Task: Write out exactly the lines from the one holding "Váy Thô Xanh" to the last line of the entries, both ends included and nothing else, without the pictures.

- - - - - - -

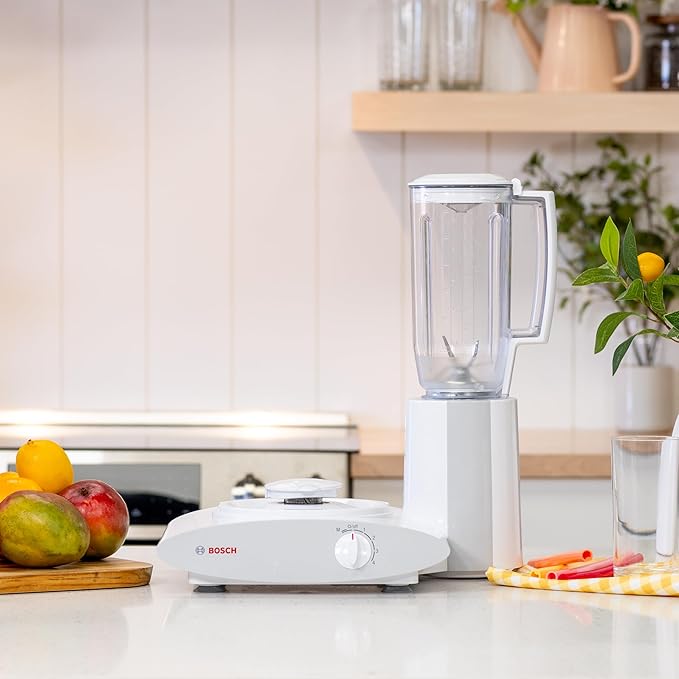 Bosch Universal Plus Stand Mixer 500 Watt, 6.5 Quarts with Wire Whips, Dough Hook, NutriMill Dough Hook Extender, and Blender Bundle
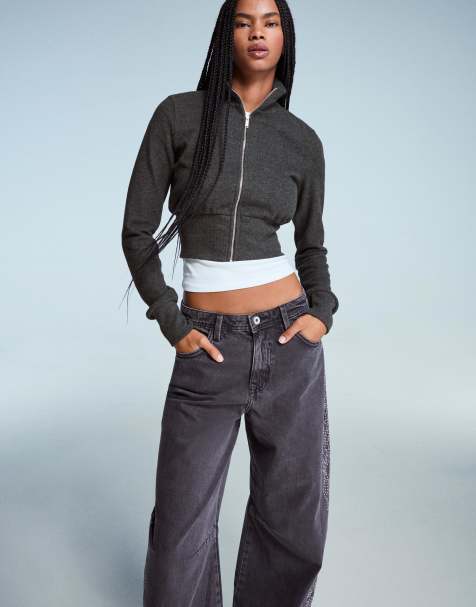 Bershka Zip sweatshirt in grey - view 1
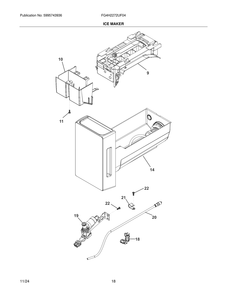 Ice Maker Diagram and Parts List for FG4H2272UF04  Frigidaire Freezer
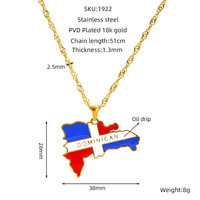 Collier Pendentif Femme en Acier Inoxydable Plaqué Or 18K avec Chaîne en Bambou et Émail Carte Nationale, Style Créatif et Tendance, Vente en Gros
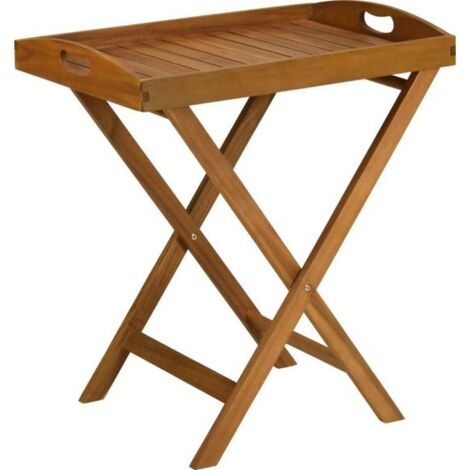 Table en bois avec plateau de service amovible, 60 cm (1/4)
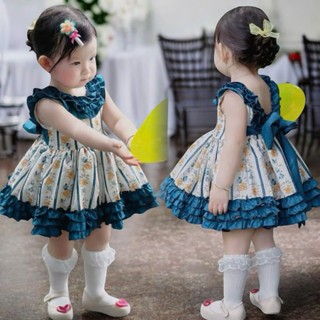 Váy Thô Xanh Cổ Vịt Xinh Xắn Cho Bé công chúa cho bé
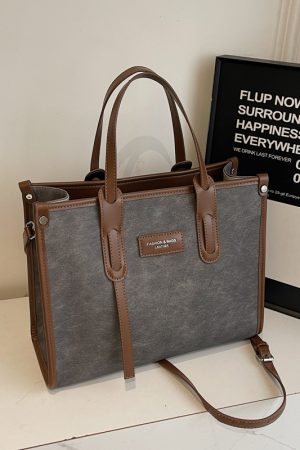 Korean-Style Ripped Denim Tote Bag for Women - Large Capacity Shoulder Crossbody Bag for Commuting - 2025 Fashion Trend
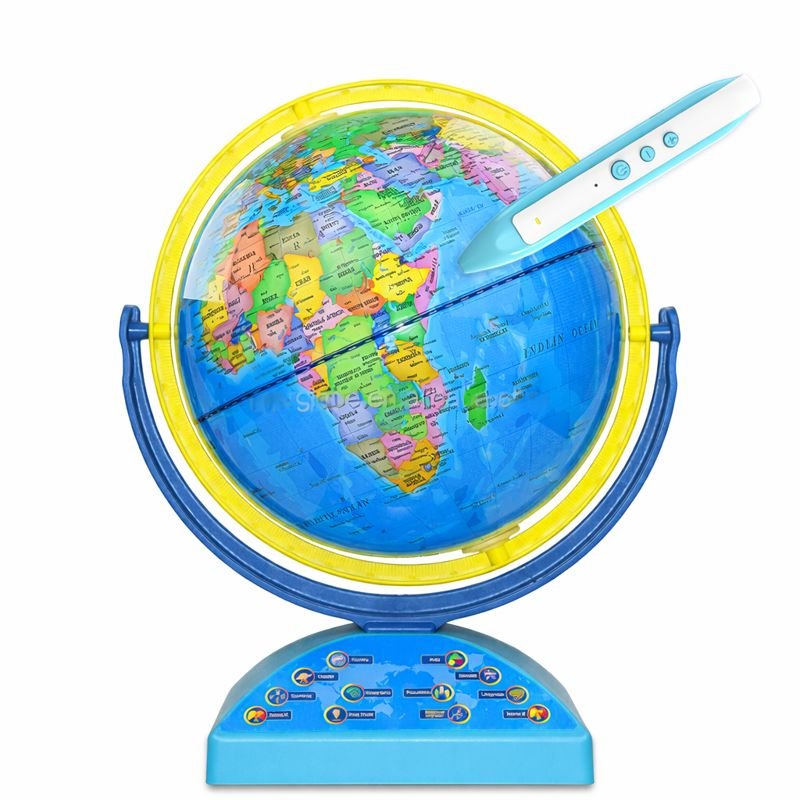 Globe terrestre éducatif interactif avec stylo parlant et carte politique multilingue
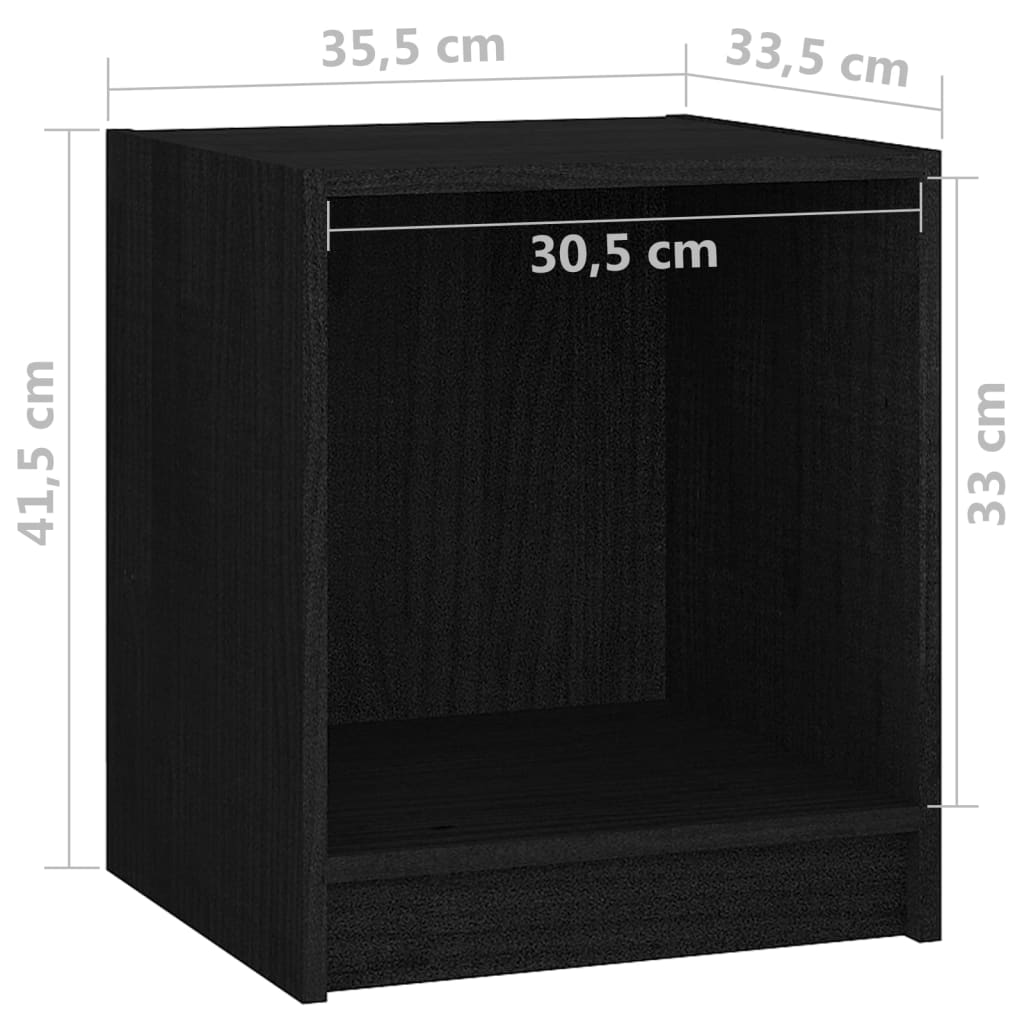 vidaXL Mesas de cabeceira 2 pcs 35,5x33,5x41,5 cm pinho maciço preto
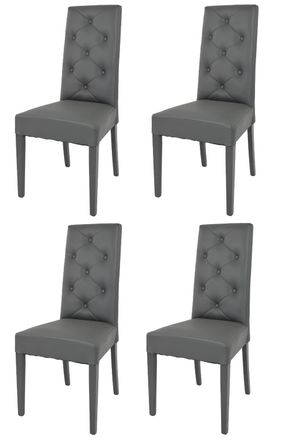 Tommychairs Tommychairs 4 Sillas Chantal En Haya, Asiento En Polipiel Gris Oscuro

- - - - - - -

Answer for the task:
 Váy Thô Xanh Cổ Vịt Xinh Xắn Cho Bé công chúa cho bé
 Korean-Style Ripped Denim Tote Bag for Women - Large Capacity Shoulder Crossbody Bag for Commuting - 2025 Fashion Trend
 Globe terrestre éducatif interactif avec stylo parlant et carte politique multilingue
 vidaXL Mesas de cabeceira 2 pcs 35,5x33,5x41,5 cm pinho maciço preto
 Tommychairs Tommychairs 4 Sillas Chantal En Haya, Asiento En Polipiel Gris Oscuro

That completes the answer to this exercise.